Building footprints from Bing Maps imagery

A visualisation exercise of half-a-dozen million polygons

r
footprints
sql
Author

Nicolas Palominos

Published

May, 2022

Building footprints at a global scale

Often the pace of urbanisation is faster than the capacity that mapping instruments/agencies have to keep an updated record of urban expansion and growth. Following the previous release of building footprints across different areas of the world 1, a repository of 777M building footprints has been published in a GitHub repository organised by country 2. The purpose of this exercise is to visualise some of this data to assess its quality which could inform possible research scenarios.
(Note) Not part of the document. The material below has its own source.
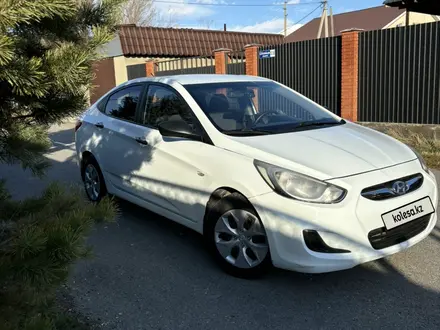 Hyundai Accent 2014 года за 5 000 000 тг. в Текели – фото 4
I looked at a sample of the more than 6 million polygons available for Chile, more specifically I mapped central and peripheral areas of Santiago on an interactive map to ease exploration.

6 million polygons

While the zipped file for Chile is ~500 MB, the unzipped version is a GeoJSON file of more than 2 GB. To facilitate handling these large amount of data I decided to set up and use a spatial database and query it using SQL. All the processing was conducted in RStudio supported by the packages sf, DBI, and RPostgres.

Code
knitr::opts_chunk$set(echo = TRUE, message = FALSE, warning = FALSE, fig.path="img/", dpi =100)
library(tidyverse)
library(sf)
library(ggplot2)
library(ggthemes)
# install.packages("DBI", "RPostgres", "Chilemapas")
library(DBI)
#install.packages("RPostgres")
library(RPostgres)
#install.packages("chilemapas")
library(chilemapas)
library(leaflet)
#install.packages(c("leafgl", "leaflet.extras", "htmlwidgets"))
library(leafgl)
library(leaflet.extras)
library(htmlwidgets)

Visualising footprints

In order to have a close inspection of the correspondence between the vector building polygons and standard satellite imagery I decided to create an interactive map using leaflet. The three areas selected for inspection are shown in the map below covering the North, Centre and South of Santiago. The North periphery (Colina) is known for the presence of affluent suburban single-family houses organised in gated communities. The centre (Santiago) is still considered the civic centre of the capital. The South periphery (La Pintana) is an area of high density of social housing that will be radically transformed by the forthcoming construction of a Metro line.

Code
# chilemapas
mapa_comunas %>%
  st_as_sf() %>%
  st_set_crs("EPSG:4326") -> cl_comunas

cl_comunas %>%
  filter(codigo_region == "13") %>%
  ggplot() +
  geom_sf(fill = NA, col = "grey", lwd = 0.4) +
  geom_sf(data = scl_s, col = "tomato", fill = NA) +
  geom_sf_label(data = scl_s, aes(label = name), size = 2.5, alpha=0.5, vjust = 0.5, hjust = 0, nudge_x = 0.03) +
  theme_void() +
  theme(panel.background = element_rect(fill = "transparent", colour = NA),
        plot.background = element_rect(fill = "transparent", colour = NA))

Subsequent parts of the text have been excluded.